All of lore.kernel.org
 help / color / mirror / Atom feed
From: John Garry <john.garry@huawei.com>
To: Cong Wang <xiyou.wangcong@gmail.com>
Cc: <iommu@lists.linux-foundation.org>, LKML <linux-kernel@vger.kernel.org>
Subject: Re: [Patch v2 1/3] iommu: match the original algorithm
Date: Mon, 2 Dec 2019 10:55:33 +0000	[thread overview]
Message-ID: <b27d0ba1-4f30-3e25-6898-26305a3d42db@huawei.com> (raw)
In-Reply-To: <CAM_iQpXAf8obF1-CRCGc3Fb_YmNBozcyoKQC5yuP6r9Akg6HBg@mail.gmail.com>

On 30/11/2019 05:58, Cong Wang wrote:
> On Fri, Nov 29, 2019 at 6:43 AM John Garry <john.garry@huawei.com> wrote:
>>
>> On 29/11/2019 00:48, Cong Wang wrote:
>>> The IOVA cache algorithm implemented in IOMMU code does not
>>> exactly match the original algorithm described in the paper.
>>>
>>
>> which paper?
> 
> It's in drivers/iommu/iova.c, from line 769:
> 
>   769 /*
>   770  * Magazine caches for IOVA ranges.  For an introduction to magazines,
>   771  * see the USENIX 2001 paper "Magazines and Vmem: Extending the Slab
>   772  * Allocator to Many CPUs and Arbitrary Resources" by Bonwick and Adams.
>   773  * For simplicity, we use a static magazine size and don't implement the
>   774  * dynamic size tuning described in the paper.
>   775  */
> 
> 
>>
>>> Particularly, it doesn't need to free the loaded empty magazine
>>> when trying to put it back to global depot. To make it work, we
>>> have to pre-allocate magazines in the depot and only recycle them
>>> when all of them are full.
>>>
>>> Before this patch, rcache->depot[] contains either full or
>>> freed entries, after this patch, it contains either full or
>>> empty (but allocated) entries.
>>
>> I *quickly* tested this patch and got a small performance gain.
> 
> Thanks for testing!

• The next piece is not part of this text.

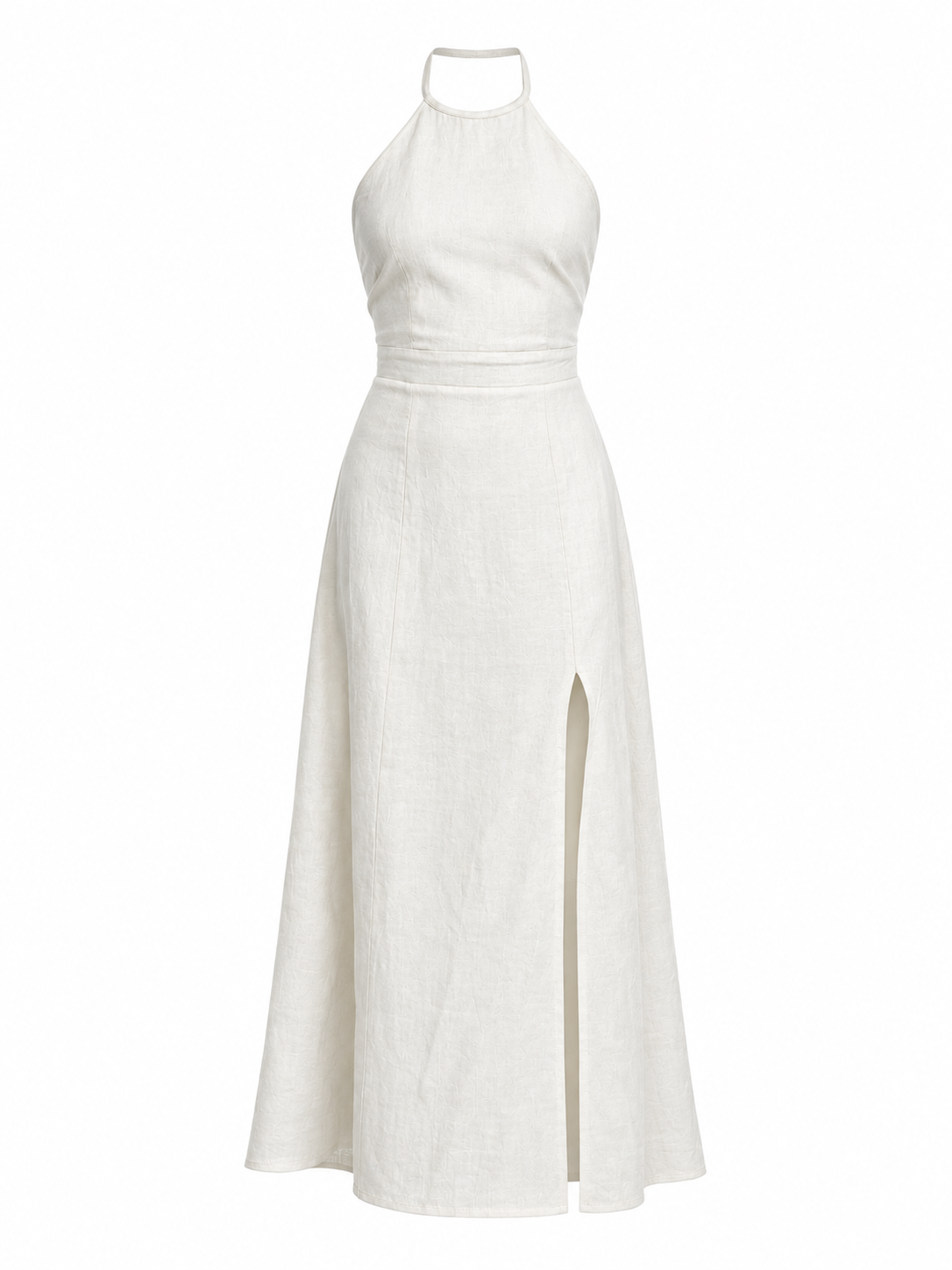 Olea Halter Keten Elbise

It requires a different workload to see bigger gain,
> in our case, 24 memcache.parallel servers with 120 clients.
> 

So in fact I was getting a ~10% throughput boost for my storage test. 
Seems more than I would expect/hope for. I would need to test more.

> 
>>
>>>
>>> Cc: Joerg Roedel <joro@8bytes.org>
>>> Signed-off-by: Cong Wang <xiyou.wangcong@gmail.com>
>>> ---
>>>    drivers/iommu/iova.c | 45 +++++++++++++++++++++++++++-----------------
>>>    1 file changed, 28 insertions(+), 17 deletions(-)
>>>
>>> diff --git a/drivers/iommu/iova.c b/drivers/iommu/iova.c
>>> index 41c605b0058f..cb473ddce4cf 100644
>>> --- a/drivers/iommu/iova.c
>>> +++ b/drivers/iommu/iova.c
>>> @@ -862,12 +862,16 @@ static void init_iova_rcaches(struct iova_domain *iovad)
>>>        struct iova_cpu_rcache *cpu_rcache;
>>>        struct iova_rcache *rcache;
>>>        unsigned int cpu;
>>> -     int i;
>>> +     int i, j;
>>>
>>>        for (i = 0; i < IOVA_RANGE_CACHE_MAX_SIZE; ++i) {
>>>                rcache = &iovad->rcaches[i];
>>>                spin_lock_init(&rcache->lock);
>>>                rcache->depot_size = 0;
>>> +             for (j = 0; j < MAX_GLOBAL_MAGS; ++j) {
>>> +                     rcache->depot[j] = iova_magazine_alloc(GFP_KERNEL);
>>> +                     WARN_ON(!rcache->depot[j]);
>>> +             }
>>>                rcache->cpu_rcaches = __alloc_percpu(sizeof(*cpu_rcache), cache_line_size());
>>>                if (WARN_ON(!rcache->cpu_rcaches))
>>>                        continue;
>>> @@ -900,24 +904,30 @@ static bool __iova_rcache_insert(struct iova_domain *iovad,
>>>
>>>        if (!iova_magazine_full(cpu_rcache->loaded)) {
>>>                can_insert = true;
>>> -     } else if (!iova_magazine_full(cpu_rcache->prev)) {
>>> +     } else if (iova_magazine_empty(cpu_rcache->prev)) {
>>
>> is this change strictly necessary?
> 
> Yes, because it is what described in the paper. But it should be
> functionally same because cpu_rcache->prev is either full or empty.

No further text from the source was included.